850 Third Avenue, Suite 411, Brooklyn, NY 11232


Key Projects is pleased to present Side to Side, Three Ways, featuring the work of Emily Berger, Manel Lledós and Kim Uchiyama, on view from October 4 through October 25, 2020. The exhibition will take place at Trestle Art Space’s Gallery 22, 850 Third Avenue, Suite 411 in the Industry City section of Brooklyn. Viewing is by appointment on Saturday and Sunday 1-5PM and on other days to be arranged by appointment. To schedule an appointment email us at keyprojectsartspace@gmail.com. In order to practice social distancing please have no more than 4 people in your party. Masks must be worn.



The artists in Side to Side, Three Ways work abstractly and all three use the repetitive element of horizontal stripes to different effect and meaning. Emily Berger’s gestural strokes are full of energy. Her horizontal stripes are accented with small vertical marks creating a rhythmic sequence with intervals of stillness. Employing a square format Manel Lledós’s edges are contained within the perimeter of the canvas. His use of straight and curved edges and varying size of horizontal bands, breaks up the surface setting up situations that play with a viewer’s perception. Kim Uchiyama’s paintings are inspired by the landscape of ancient Greece and its temples. Horizontal bands of the colors of these landscapes rest in the natural tones of the support, either canvas or linen. Yet, there is ascending movement and a sense of timelessness and space in these works.



About the artists:


Emily Berger lives and works in Brooklyn, New York. A graduate of Brown University, she received an MFA in painting from Columbia University, attended the Skowhegan School in Maine and has been awarded several art residency fellowships. Her work has been exhibited widely, and is included in many private and public collections. She is included in the traveling exhibition, Blurring Boundaries: The Women of American Abstract Artists, 1936-Present, opening in fall of 2020 at South Bend Museum of Art, Indiana, as well as the traveling exhibition, American Abstract Artists 75th Anniversary Print Portfolio. Solo exhibitions in New York City include Rhythm and Light at Walter Wickiser Gallery, New Paintings at Norte Maar gallery, and Marking Time at Scholes Street Studio. Recent exhibitions include Form and Intent at Abstract Project in Paris, France, the two-person Syncopation, at Odetta Gallery, and Salon Zurcher, 11 Women of Spirit, at Zurcher Gallery in New York City.

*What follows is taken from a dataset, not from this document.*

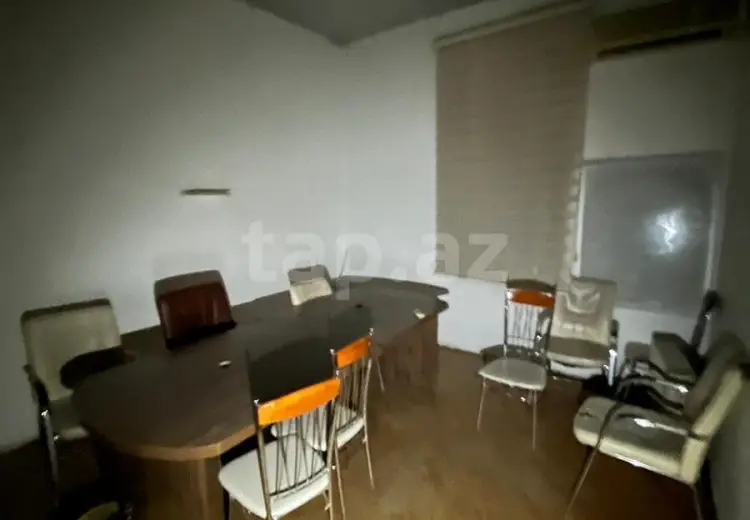 4 otaqlı mənzil , Bakı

Manel Lledós was born in Barcelona, Catalonia (Spain) in 1955 and lives and works in Brooklyn, New York. He studied at the Escola de Belles Arts de San Jordi in Barcelona, Spain. Lledós has exhibited his work throughout the Americas and Europe. Solo exhibitions include Joan Prats Gallery, New York, New York, Estudi Pere Mora and Galeria Joan Prats-Artgràfic, Barcelona, Spain. Lledós is a Professor of painting at the Art Department of Kingsborough Community College (CUNY). Awards include a fellowship from The City University of New York in 2014-2015, a PSC-CUNY (City University of New York) Research Grant in 2002 and 2000. Lledós work is in public collections, including General Electric, New York, NY, Elveiam Museum, Madison, WI, Museum of the City Hall, Barcelona, Spain and The Consulate General of Spain, New York, NY.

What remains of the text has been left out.